Overall, 17.8% of Hispanic individuals and 18.5% of non-Hispanic white individuals use the emergency department annually. Compared to U.S.-born non-Hispanic white individuals, the least acculturated Hispanic individuals are 14.4 percentage points (p<0.001) less likely to use the emergency department for any reason, 9.8 percentage points (p<0.001) less likely to use it for a non-urgent reason, and 5.3 percentage points (p<0.01) less likely to use it for an urgent reason.
Contrary to popular perception, the least acculturated Hispanic individuals are the least likely to use the emergency department. As acculturation level rises, so does one’s likelihood of using the emergency department, particularly for non-urgent visits.
The crowding of U.S. emergency departments (EDs) is a known public health concern, and has been attributed, in part, to non-urgent ED use. Non-urgent emergency department (ED) visits are encounters that could have been safely delayed for up to 24 hours, or which could have been treated in a non-emergent care setting (1–3). Both non-urgent ED visits and ED overcrowding have been linked to several negative consequences, including increased pain and suffering, longer wait times, higher costs, more unnecessary procedures, missed opportunities for patients to build relationships with primary care providers, and reduced disaster preparedness (3–6).
Of the 116.8 million ED visits completed annually, almost 30% can be classified as non-urgent (1, 5). This phenomenon may worsen in the coming years, given the insurance expansions from the Affordable Care Act coupled with the shortage of primary care physicians in many communities (7–9). Several national organizations, including the Agency for Healthcare Research and Quality and the US Senate’s Subcommittee on Primary Health and Aging, have named reducing non-urgent ED visits as a key health policy priority (10, 11).
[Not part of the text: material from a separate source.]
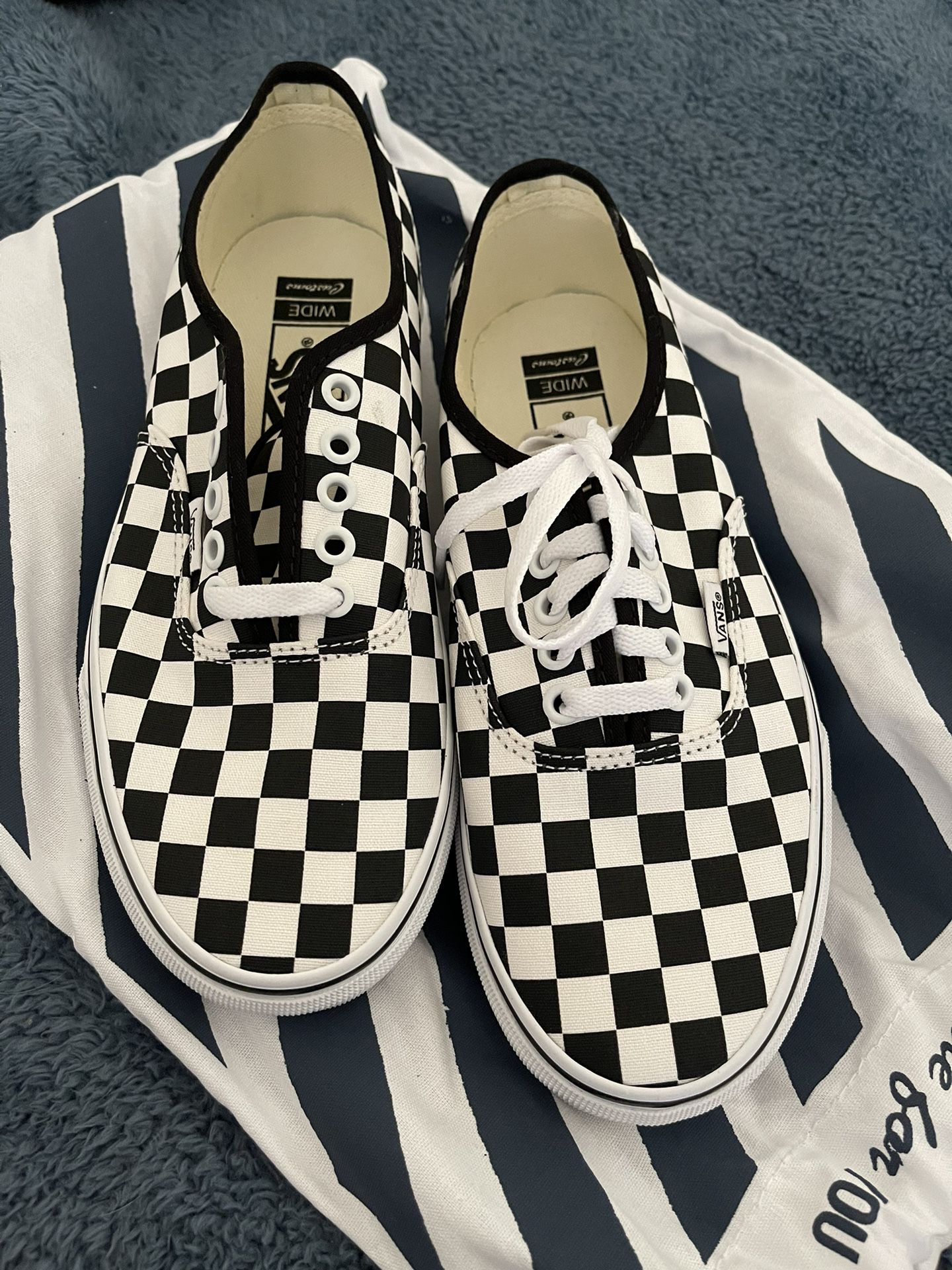 Custom Checkered Vans Shoes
A perception exists, with limited empirical support, that minority populations contribute disproportionately to ED crowding and non-urgent ED visits (12–14). The rapidly-growing Hispanic population has come under particular fire, possibly due to concerns about health care service use among undocumented immigrants, a frequent media topic (15, 16). Though the most recent numbers available on this subject suggest that Hispanic individuals are more likely to use the ED for non-urgent or routine care, several accounts in the literature find otherwise (17–20). One reason for this discrepancy might be the tendency to treat Hispanic individuals as a monolithic group, rather than accounting for heterogeneity within the population (21). Accounting for the acculturation level of individuals is one increasingly popular mechanism for addressing these within-group differences.
Acculturation is defined as the degree to which an individual from one culture adopts the behaviors or characteristics of a different “host” culture (22). Applied to the field of health care, acculturation might play an important role in individuals’ willingness or ability to successfully navigate the health care system. A small but growing body of literature has examined the ways in which acculturation influences individuals’ health services use. Generally, higher acculturation levels are associated with improvements in access to and uptake of primary and preventive care. More specifically, studies have found that Hispanic individuals with higher levels of acculturation (i.e., greater assimilation into United States culture) have better insurance coverage, have a higher uptake of preventive and primary care services, and are more likely to have a usual source of health care, compared to individuals with lower levels of acculturation (23–33). In light of this body of evidence, one might expect that as Hispanic individuals become more acculturated, they are less likely to use the ED for non-urgent care, due to their better access to care in the community.
Despite a growing appreciation for the role of acculturation in health services use, no national-level study has examined how acculturation might affect the way in which Hispanic individuals interact with the ED. Two national studies have found that immigrants are less likely to use the ED, but did not examine the effect for Hispanic individuals alone (34, 35). Two smaller studies that have focused on Hispanic individuals alone had mixed results. On the one hand, Nandi et al. found no relationship between acculturation level and ED use among undocumented Mexican immigrants in New York City (36). On the other hand, Ortega et al. found that Mexican-born immigrants in the state of California are less likely to have used the ED in the past year, compared to U.S.- born Mexican individuals (37). Lastly, no known study has examined the relationship between acculturation level and non-urgent versus urgent ED use. This is an important distinction, given that non-urgent ED use is a noted public health concern.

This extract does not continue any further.